ABSTRACT

Finite Element (FE) model calibration is an essential but very computationally-intensive task for real world civil structures, e.g., bridges, buildings and dams etc., which are usually large in size and represented by thousands of elements for achieving good analysis results. Although performing one analysis run of such a large FE model may take less than a minute with a well-developed FE model solver, but it is preventive to embed such a full-analysis FE solver into an iterative process for model calibration, which often requires for tens or even hundreds of thousands of FE model analysis runs. Therefore, it is of great importance and interest in developing an effective and efficient approach for FE model calibration of large structure systems.

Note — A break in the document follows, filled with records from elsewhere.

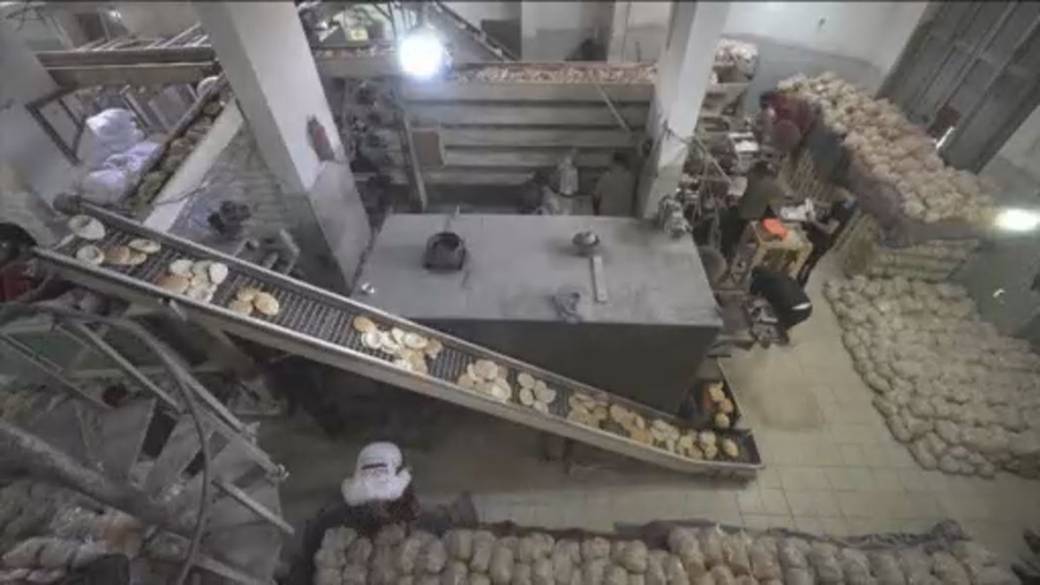 Click to play video: 'First 90 aid trucks reach Gaza, but UN says it’s not nearly enough'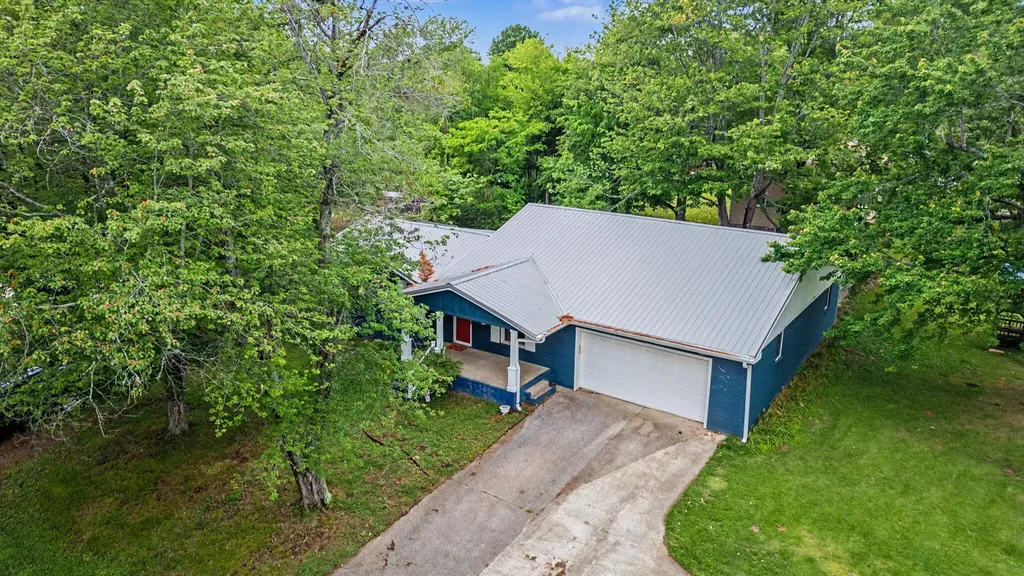 1498 Clayshire Drive Murray KY 42071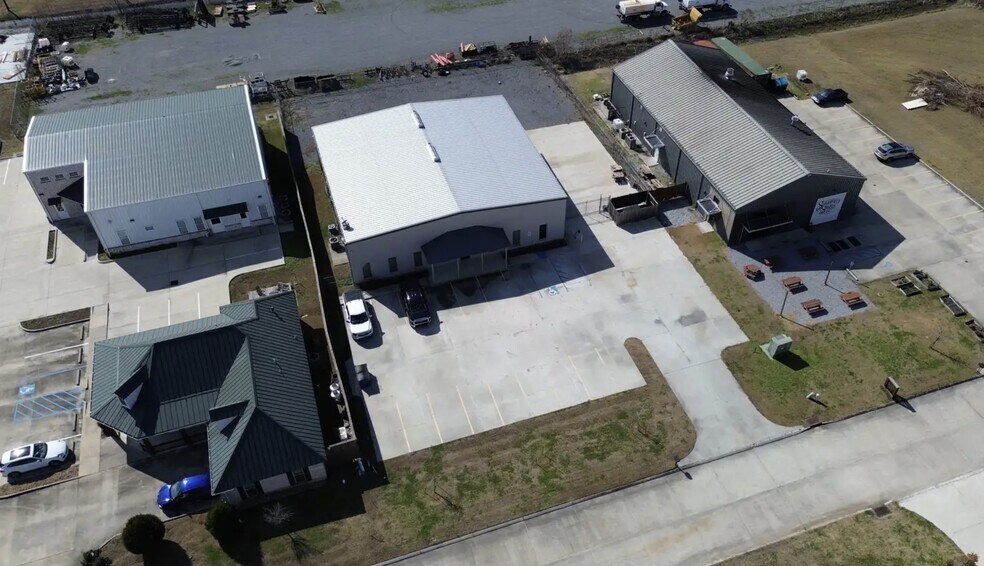 More Photos Of 445 W Eastbank Dr, Gonzales Industrial For Lease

In this paper, an effective framework for the accelerated FE model calibration, based on authors’ previous work in FE model calibration, has been presented by integrating the substructure analysis or Component Modal Synthesis (CMS) with parallel genetic algorithm optimization provided by Darwin optimization framework. It enables the parallel solution evaluation processes on a many-core machine or in distributed manner across a cluster of computers. This is a powerful computation framework that has been tested on a FE model calibration of a highway bridge approach span in New York City. This study has proved that the developed tool is effectively tailored for the applications of many real world structures including but not limited to bridges. A calibrated FE model can well present the structural conditions and can be used for condition-based maintenance and facilitate structural life-cycle asset performance management.